How to succeed in agribusiness in Kenya

Agribusiness is transforming lives across Africa and beyond. You’ve heard stories of young people making millions in farming. Agribusiness has become so profitable that it is the new business in town. This is the reason many young people are now wondering how to succeed in agribusiness.

In this post, we’ll explore how to succeed in agribusiness by farming what you know; starting small; spreading the word; spending time wisely; getting ready to hustle; jumping to the next curve; diversifying; networking; working with smart people; being ready to get your hands dirty; avoiding the rush; leveraging technology, and persevering.

#1. Swallow Your Pride

The latest census statistics show that 3.5% of Kenyans have a university degree. Another 7% either have a technical or middle college training certificate according to the 2019 census. It is no doubt that the number of graduates has increased substantially since then for the obvious reason that colleges and universities pump more and more graduates into the labor market every other day.

Having a college certificate or university degree is a good thing. However, in Kenya and Africa at large, it seems to have its downside. The majority of college graduates do not want to do labor-intensive jobs like farming. I have seen and met many young Kenyans who would rather handle odd and demeaning white-collar jobs than go into a better-paying green one.

They think farming is a poor man’s work and a job of the last resort just as these writers observed. They are so obsessed with their certificates and educational qualifications that they cannot imagine going to the garden.

If you belong to this group of educated youth, then you’ll have to first swallow your pride before you can get anything out of farming.

Look, forget about your “A” grades and “first-class honors.” As long as you cling to them, they will not allow you to pay the price you have to pay to succeed in the agribusiness sector. In a growing economy like Kenya, farming for money is not a business for the proud. So, as long as you’re unwilling to interact with mud and animal droppings every morning, my advice to you is one: don’t waste your time. Brush your shoes and continue the job search before it is too late for you.

#2. Farm what you understand

You know, starting something and succeeding in it are two different things. In the same token, every kingdom has rules and regulations by which everyone must abide. In agribusiness, one principle you’ve to obey is just one I said: farm what you know.

Never venture into a farming practice unless you’re well familiar with it because you just don’t want to experiment with your money and time. So, prior to investing your money into any agribusiness venture, spend your time doing proper research to make sure you fully know how it works.

In doing so, you’ll improve your chances of short- and long-term success. You don’t want to gamble. I’m almost sure that there is no unique agribusiness investment you’re going to launch that has never been done anywhere in this world.

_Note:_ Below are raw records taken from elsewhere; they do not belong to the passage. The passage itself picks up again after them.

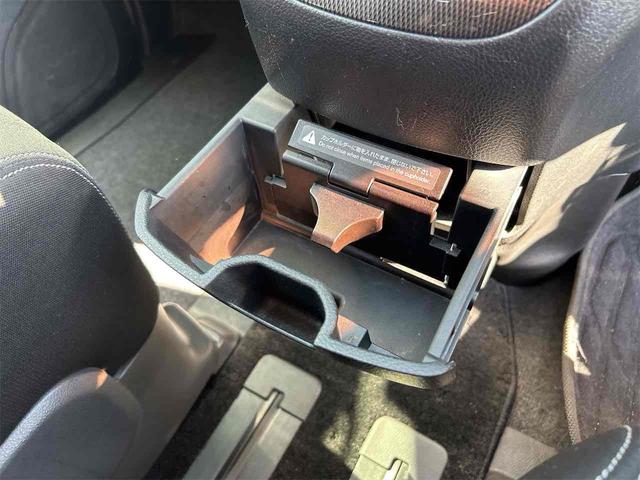 セレナ ライダー ドライブレコーダー ETC バックカメラ オートクルーズコントロール 両側電動スライドドア オートライト スマートキー アイドリングストップ 電動格納ミラー 3列シート ウォークスルー CVT(54枚目)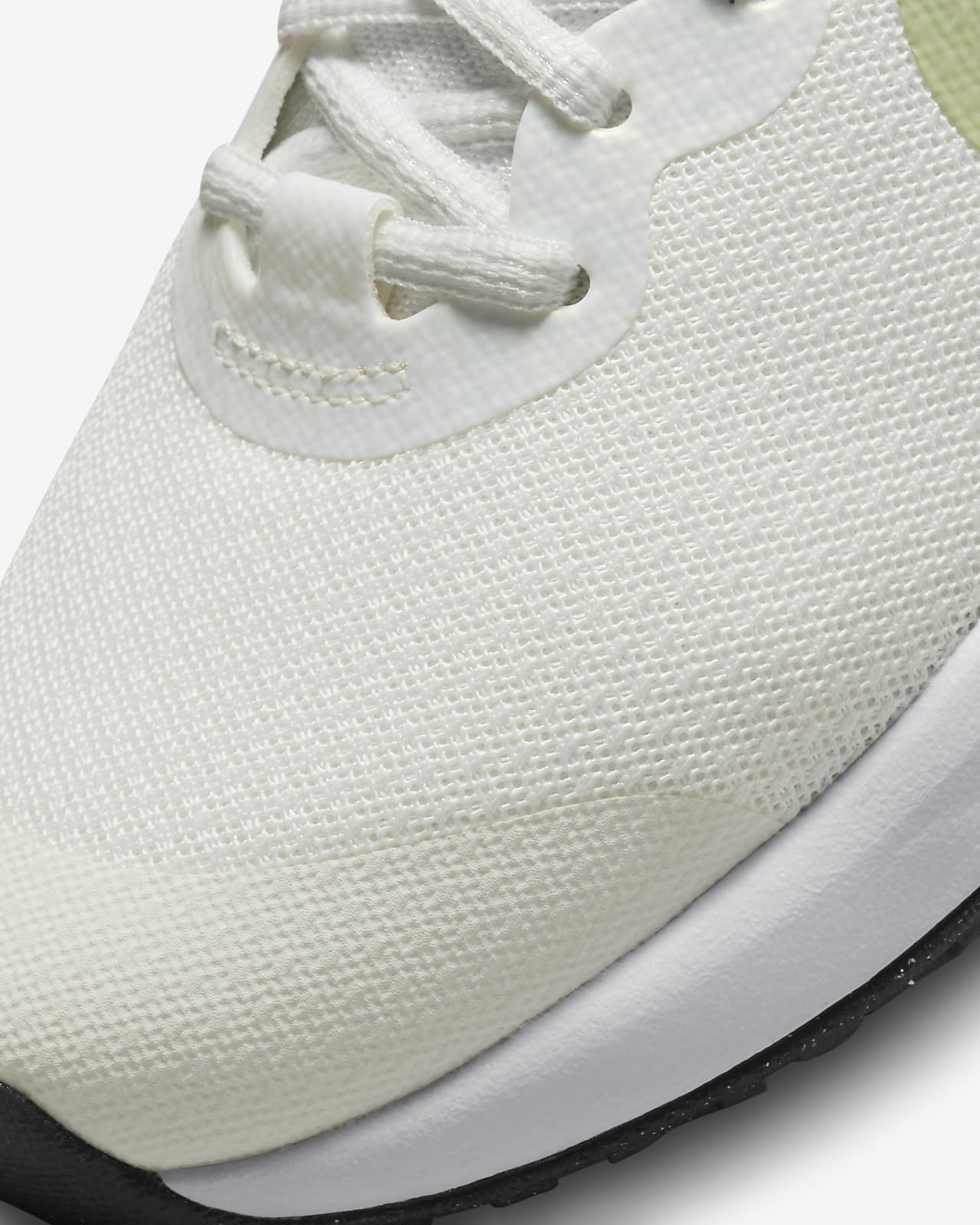Older Kids' Road Running Shoes. Nike FI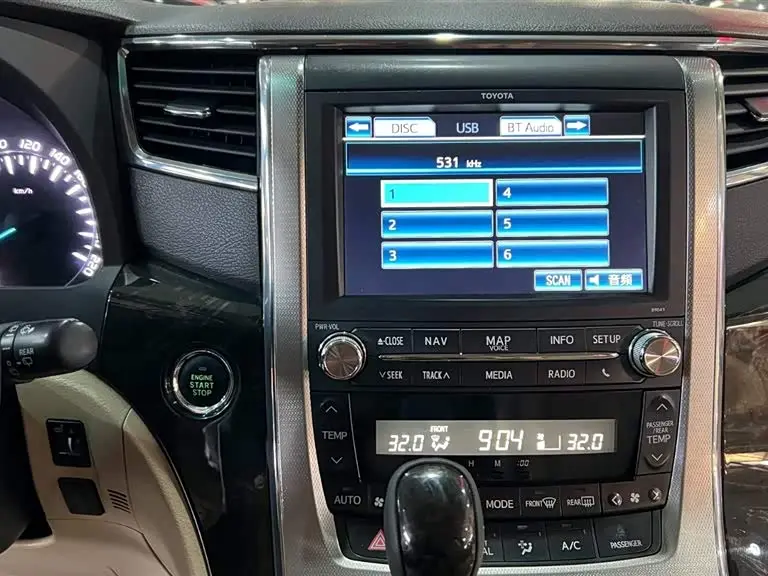 Toyota Alphard 2016 — Photo 10/20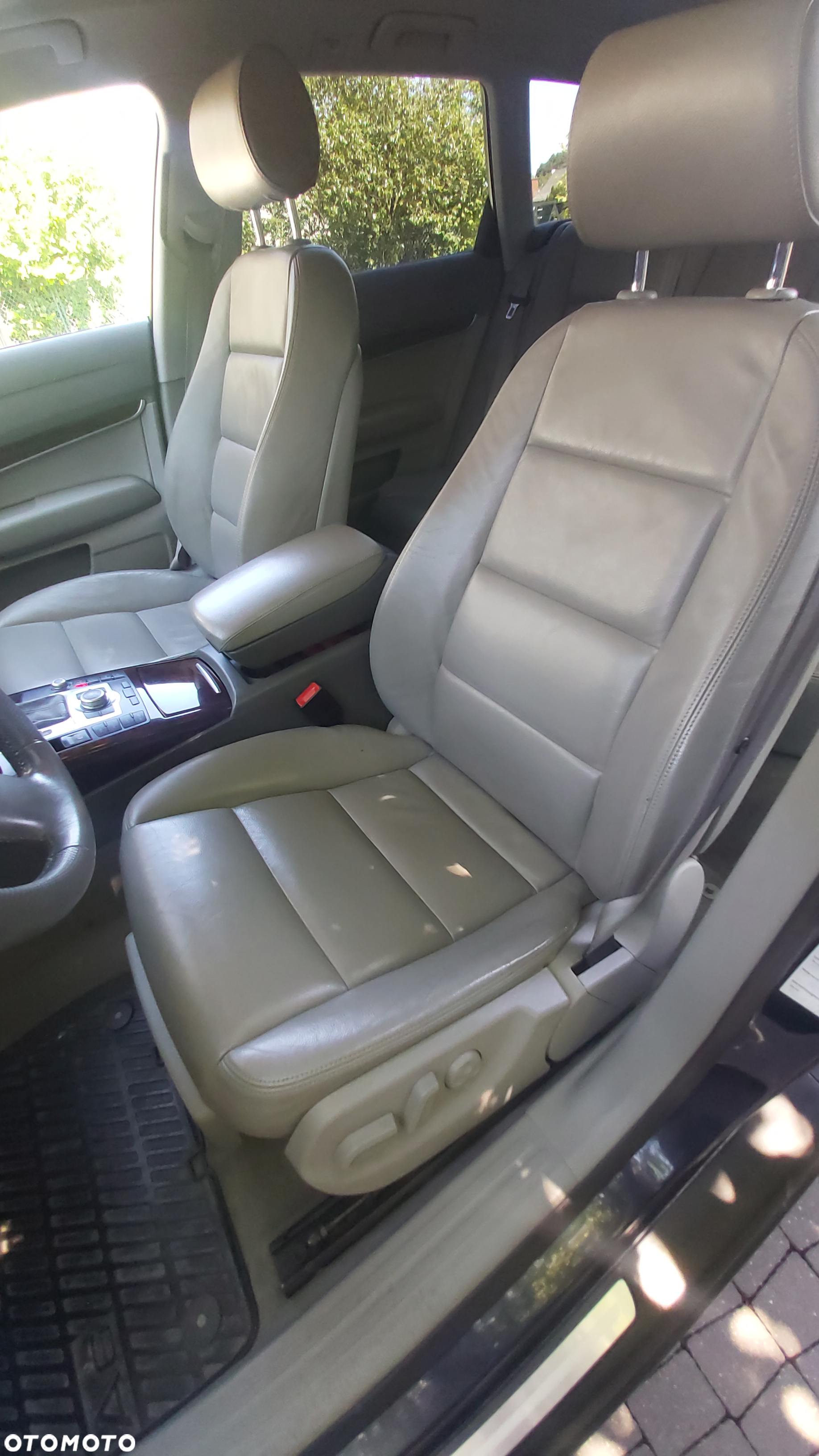Audi A6 Avant 3.2 FSI tiptronic quattro - 25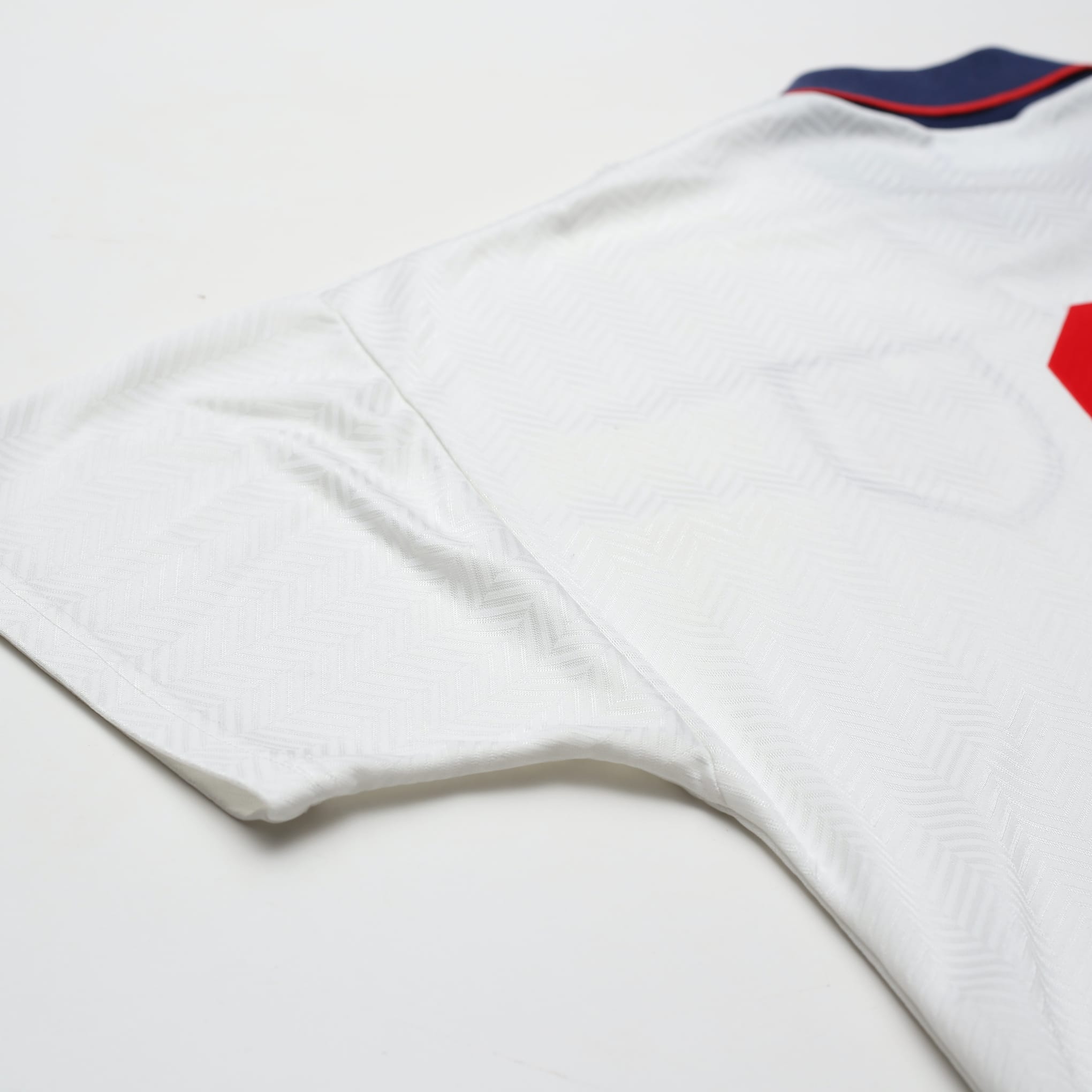 1993/95 Gascoigne #8 England Vintage Umbro Home Football Shirt (L)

A fellow agribusiness writer, Timothy Angwenyi Morebu, put it better:

“Sometimes having the knowledge and experience in a certain farming venture is all it takes to succeed.”

My favorite investor, Aliko Dangote, says this about his own success.

“I only invest in a business I understand.”

If you’re doubting, check this video.

So, read widely. Talk to professionals. Visit experienced farmers. If possible, explain your new idea to your best friends.

#3. Start small

As I write this blog post, the tallest building on earth is Burj Khalifa of Dubai, which is said to be 828 meters high. Despite its facilitating height, this ground-breaking construction was once a mere foundation. The tallest tree is the Hyperion found somewhere in the heart of Redwood National Park in California. This 600-year old tree was once a seed. The world’s biggest companies, Apple, Inc., Microsoft, and Google, were once nothing, but an idea in the founders’ minds. A few years ago, this blog was just a dream and remained so until I actualized it.

There is nothing wrong with starting small. Even if you have a dream of building another Alibaba in the form of an agribusiness enterprise, your ideal route is to begin small and grow progressively over time. There are numerous advantages I see with an agripreneur starting small.

But the most important benefit of starting small is that it delivers you from the stress of trying to get huge finances; a challenge that has locked millions of aspiring youth farmers from getting into farming. Most successful farmers began with as little capital as KE 1,000 from which they grew their investment.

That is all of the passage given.